CARY, N.C. -

Penske Automotive Group has ramped up its supply of “young, used vehicles.”

During a conference call Thursday to discuss the company’s second-quarter earnings results, chief executive officer Roger Penske noted that in an effort to provide service customers on the premium luxury side with loaner cars, the auto group has grown its loaner car fleet to several thousand, which has increased supply of low mileage, late-model units.

“These are very good cars if you get them out with low mileage,” Penske said. “We’ve tried to accelerate that and try to have cars that are anywhere from 3,000 to 4,000 miles max and pull those out. And these are not cars we can’t sell; we just put them into loaner. These are good cars and we know they’ll come out and have good value.”

These cars then become a good way to move a customer that maybe doesn’t want to reach for a new car, Penske said.

“We’ve seen that quite rapid in growth from the standpoint of unit sales in the last quarter, and we expect that to be our offense to the end of the year.

“With the OEMs wanting us to take more of these vehicles, it gives us the opportunity to be able to put them into loaner, and I think that these lease returns also that we’ll get — for example, BMW we have 10,000 coming back just in 2016 — this is the fuel that runs the engine for us on the used-car side,” he said. 

The auto group retailed 52,936 used units in the second quarter (U.S. and international combined), a 6.8-percent increase from the same period last year.

Gross profit per used vehicle came in at $1,697, down from $1,782 a year ago.

Used retail gross margin was 6.1 percent, down from 6.4 percent in the year-ago period. 

More on Q2 performance 

A conference call participant asked if perhaps Penske was driving incremental customers into the dealership as used supply improves.

“At some point, I might be cannibalizing a little bit on my new customer,” Penske responded. “It’s an opportunistic buy for the customer.
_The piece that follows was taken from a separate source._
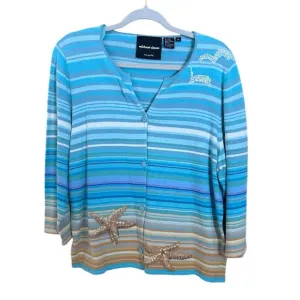 Michael Simon New York Vintage y2k summer cardigan beaded XL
The good news is, I take that customer, I put him into an almost-new vehicle. I’m going to get that parts and service, and if it’s a lease I’m going to get the opportunity to get that car back.

Takata impact

Penske noted that about $57 million of the group's U.S inventory right now is on a stop-sale related to the ongoing Takara airbag recall situation. A conference call listener asked if replacement airbags are expected to arrive in large numbers anytime soon (i.e., third or fourth quarter) to give a bump in used-vehicle sales.

 “We have to focus on customer cars and then we would focus on cars in inventory. … The good news is, some of the vehicles we have on stop-sale are very good used cars, and I think that’s had some downward impact in our used-car business, at least in BMW here at least in the last 60 days, but I see that flowing out,” Penske said.

“The only risk that I think we have is if everyone decides to wholesale these cars into the market instead of retailing them, there may be some value deterioration,” he said.

He pointed out that company is looking at a 0.85 to 1 used-to-new ratio

“Look at BMW: I’m over 1-to-1 used-to-new," Penske said. So we see that as an opportunity not as a risk.”

Overall, the company recorded a record quarter with retail unit sales, revenue, income from continuing operations and earnings per share among the milestones.